Steep upturns were seen for both permanent and temporary staff availability, which were “in turn linked to redundancies and fewer job opportunities.”

A combination of lower demand for workers and rising supply meant that pay pressures remained weak in October. Starting salaries for permanent staff rose only marginally, with “the rate of inflation lifting only slightly from September’s more than four-and-a-half year low.” At the same time, temp pay was broadly stagnant following a one-year period of growth.”

Permanent staff appointments declined across “all four monitored areas of England, with the North of England seeing the steepest rate of contraction.”

A solid increase in temp billings was “seen in the Midlands, while a marginal rise was recorded in the North of England.”

London and the South of England meanwhile “registered notably softer reductions.”

Demand for permanent workers increased “across the Accounting/Financial and Engineering sectors in October, but fell elsewhere.” The steepest reductions in permanent vacancies were “once again seen in the Retail and Hotel & Catering categories.”

The only sector to see increased demand “for short-term staff in October was Blue Collar.” Across the nine sectors that saw vacancies decline, the most pronounced “fall was in Retail, while Engineering saw the softest reduction in demand.”

Jon Holt, Group Chief Executive and UK Senior Partner KPMG, said:

“Economic uncertainty continues to weigh heavy on business, but further stabilisation in the jobs market last month indicates that a Budget that builds business confidence, could be a catalyst for renewed hiring. We know from our recent CEO Outlook that chief execs remain upbeat about their growth prospects, and the rise in temporary hiring indicates that opportunities are increasing – there just aren’t enough strong signals currently for bosses to commit to building their workforce on a more permanent basis. As we expect both interest rates and inflation to fall further in 2026, we may finally see hiring start to grow more steadily.”
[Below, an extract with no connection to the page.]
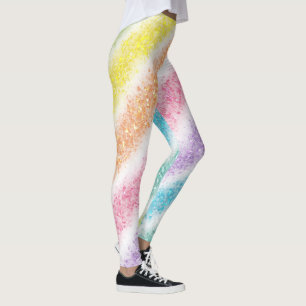 Pastell Glitter Regenbogen Leggings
Neil Carberry, REC Chief Executive, said:

“Today’s data reflects the more positive outlook we have been hearing from recruiters since the start of the autumn. They aren’t exuberant – this is just a more stable market. With temporary hiring edging into growth and a better permanent hiring number than we have seen for some time, we can hope that the long period of retrenchment we saw last into the summer, is starting to ebb away. But we have been here before – there was a similar mood in the jobs market before the Chancellor’s Halloween Budget last year. The huge surprise increase in payroll taxes then shocked the market and we have seen the results of that, as businesses predicted then, in higher unemployment and redundancy. As we go into Budget 2025, there can be no repeat. If Government cares about growth, as it claims, measures must stoke business investment, not deter it.”

As noted in the update:

“The report today is the best we have seen since the summer of 2024. There is a broader base of demand forming, from accounting and finance to logistics and IT roles. The Budget must give employers confidence to invest, with a focus on unlocking potential through delivering on skills reform, supporting business investment and reforming the approach to the Employment Rights Bill, which needs a dose of practicality and realism.”